JEFFERSON CITY, Mo. — After exactly 20 years serving on the state’s highest court, Judge Laura Denvir Stith retired Monday from the Missouri Supreme Court. But don’t expect her to remove her venerable hand from the legal profession anytime soon. 

As Stith says, it was “fated from birth” for her to become a judge. Both of her parents were deeply involved in the St. Louis community, her father had briefly attended law school, and dinner conversations among the family of seven were centered on current events. Four of the siblings would become lawyers, one a reporter. 

“I was always drawn to going into public service as my parents had shown us that was the highest way to serve your community,” Stith told The Missouri Times on her last day. 

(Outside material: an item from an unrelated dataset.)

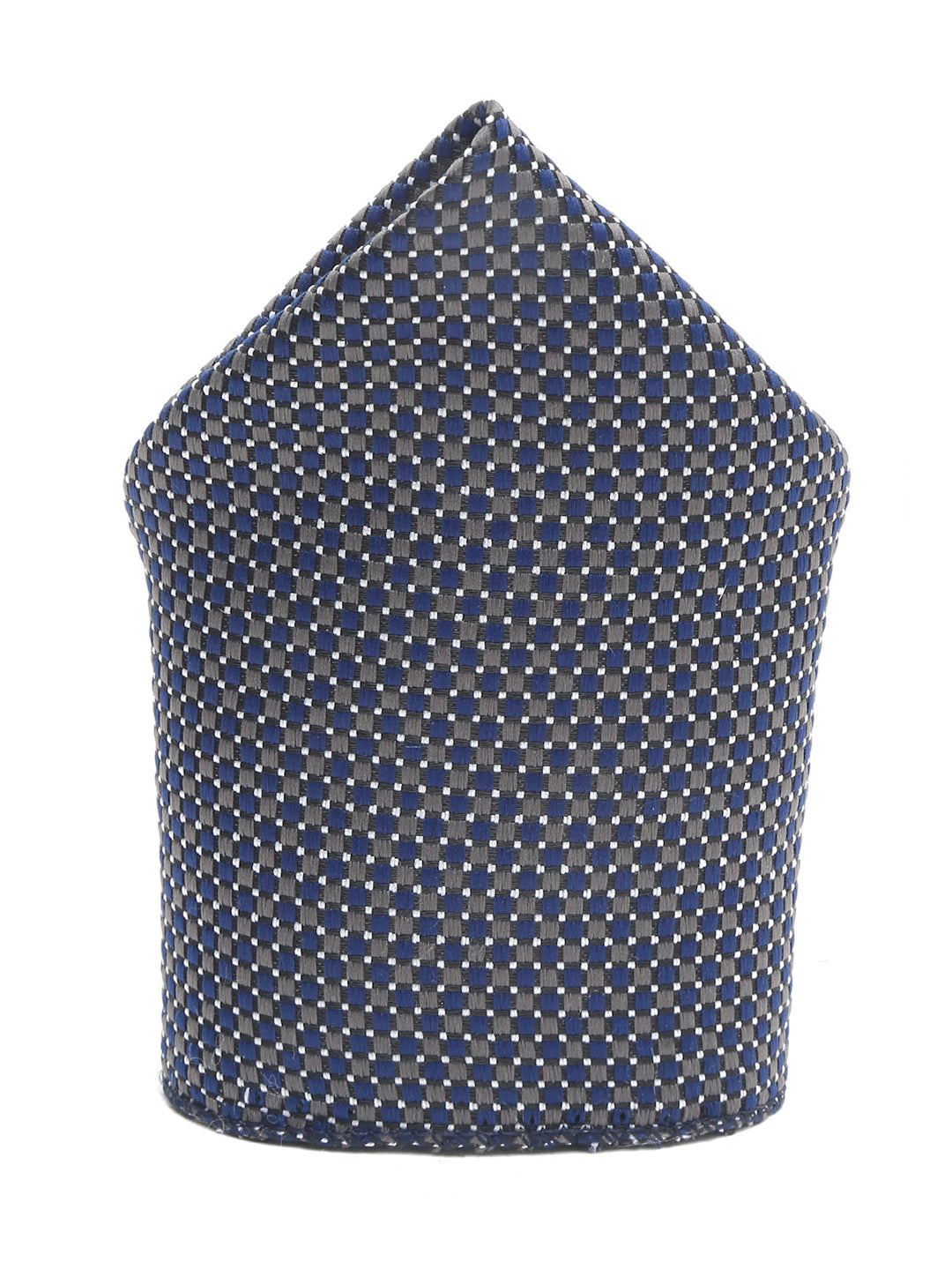 Blue Checkerd Luxury Italian Silk Necktie Set With Pocket Square Gold Tie pin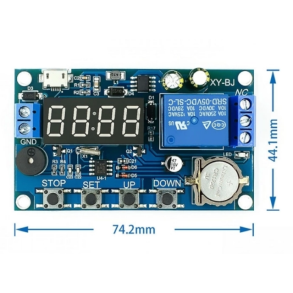 Timer  rel-modul med display. Med ur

At 67 years old, Stith was cognizant that her time on the Missouri Supreme Court was coming to an end; the state has a mandatory retirement for those who reach the age of 70. So Stith wanted to leave on her own terms, ending her tenure on an even number, with her impact on Missouri’s judicial system undeterred. 

Stith was first appointed to the Supreme Court in 2001 by then-Gov. Bob Holden and retained office during the 2002 and 2014 elections. She spent about 15 years at Shook, Hardy & Bacon in Kansas City (including a decade as a partner) and had clerked for former Missouri Supreme Court Judge Robert E. Seiler — becoming the first law clerk to come back as a judge. 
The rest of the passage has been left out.